## Data section

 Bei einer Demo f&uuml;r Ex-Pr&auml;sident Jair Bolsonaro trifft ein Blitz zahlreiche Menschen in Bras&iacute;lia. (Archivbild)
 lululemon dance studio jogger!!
---
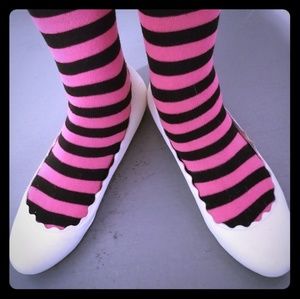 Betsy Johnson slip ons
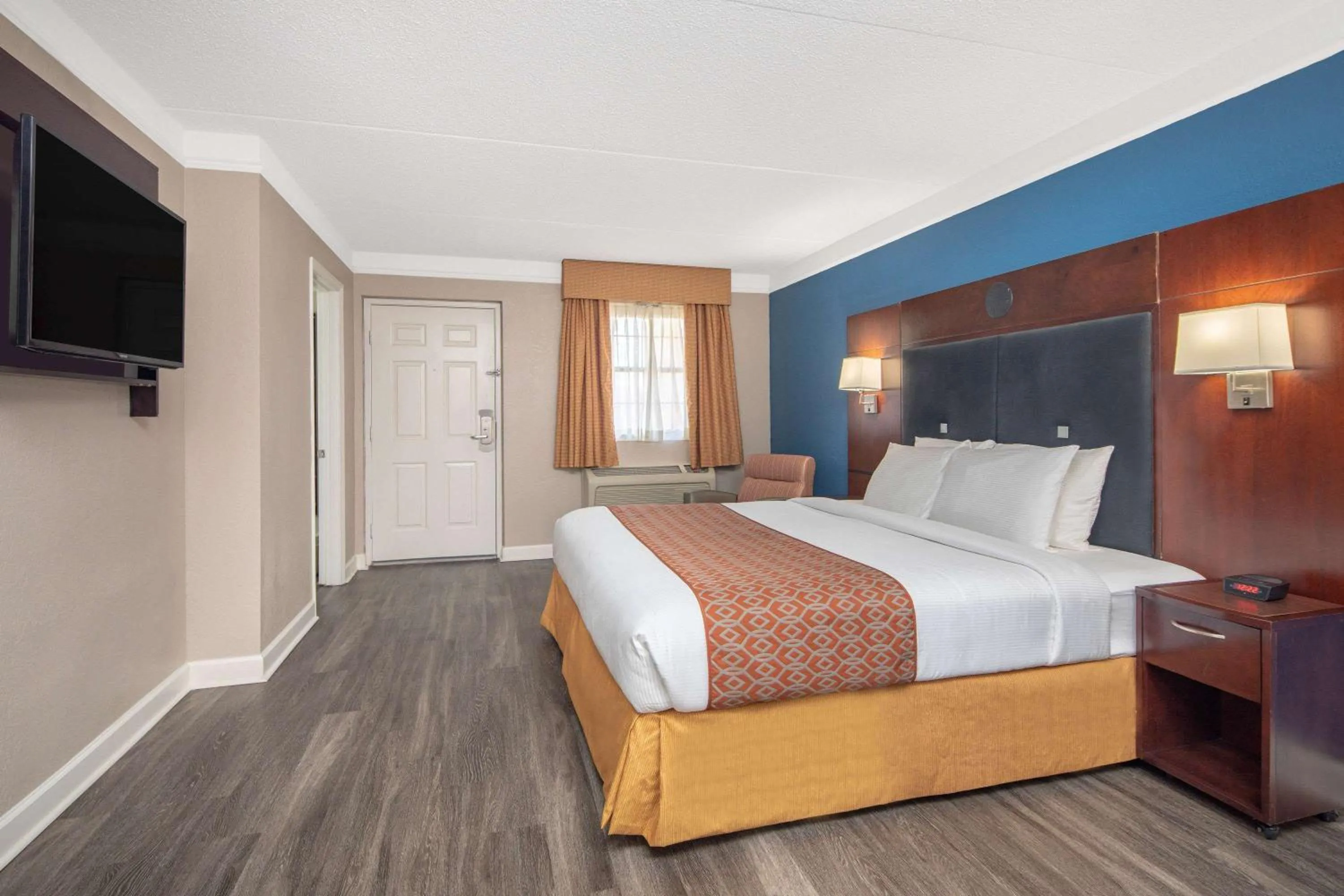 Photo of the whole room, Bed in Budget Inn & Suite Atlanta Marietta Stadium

## Work item
Output exactly the lines above that lie between the line with "Betsy Johnson slip ons" and the line with "Photo of the", those two lines included, and no pictures.

## Task output
 Betsy Johnson slip ons
 Photo of the whole room, Bed in Budget Inn & Suite Atlanta Marietta Stadium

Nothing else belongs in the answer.